TexHOI: Reconstructing Textures of 3D Unknown Objects in Monocular Hand-Object Interaction Scenes
Alakh Aggarwal, Ningna Wang, Xiaohu Guo
TL;DR
TexHOI tackles monocular texture reconstruction in dynamic hand-object scenes by separating pose refinement from texture illumination, using a two-stage approach. Stage 1 employs compositional NeRFs for hand and object pose refinement and low-fidelity geometry learning, while Stage 2 applies SG-based physics rendering to recover albedo and lighting, explicitly modeling hand occlusion with 108 parameterized spheres.

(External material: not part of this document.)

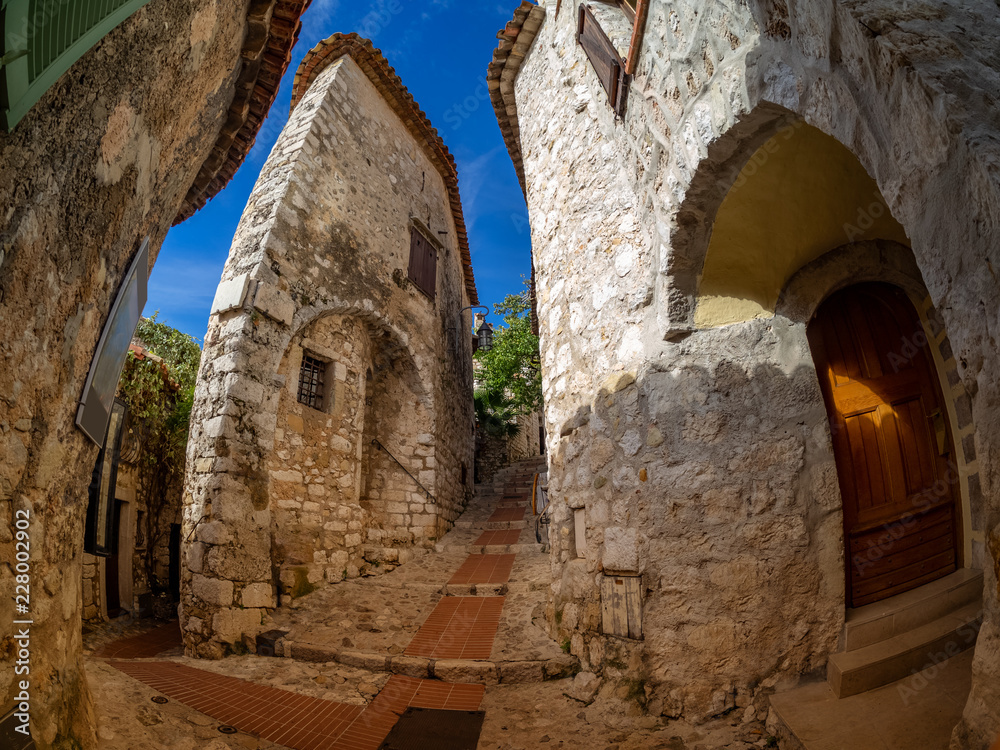 Medieval architecture inside Eze citadel and village, with walls made of stones, in Nice in France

The method disentangles intrinsic object texture from hand shadows and environmental illumination, outperforming state-of-the-art texture reconstruction baselines and enabling lighting-robust albedo prediction. This yields more realistic renderings across varying viewpoints and lighting, with potential benefits for AR/VR realism and robotic perception.
Abstract
Reconstructing 3D models of dynamic, real-world objects with high-fidelity textures from monocular frame sequences has been a challenging problem in recent years. This difficulty stems from factors such as shadows, indirect illumination, and inaccurate object-pose estimations due to occluding hand-object interactions. To address these challenges, we propose a novel approach that predicts the hand's impact on environmental visibility and indirect illumination on the object's surface albedo. Our method first learns the geometry and low-fidelity texture of the object, hand, and background through composite rendering of radiance fields. Simultaneously, we optimize the hand and object poses to achieve accurate object-pose estimations. We then refine physics-based rendering parameters - including roughness, specularity, albedo, hand visibility, skin color reflections, and environmental illumination - to produce precise albedo, and accurate hand illumination and shadow regions. Our approach surpasses state-of-the-art methods in texture reconstruction and, to the best of our knowledge, is the first to account for hand-object interactions in object texture reconstruction.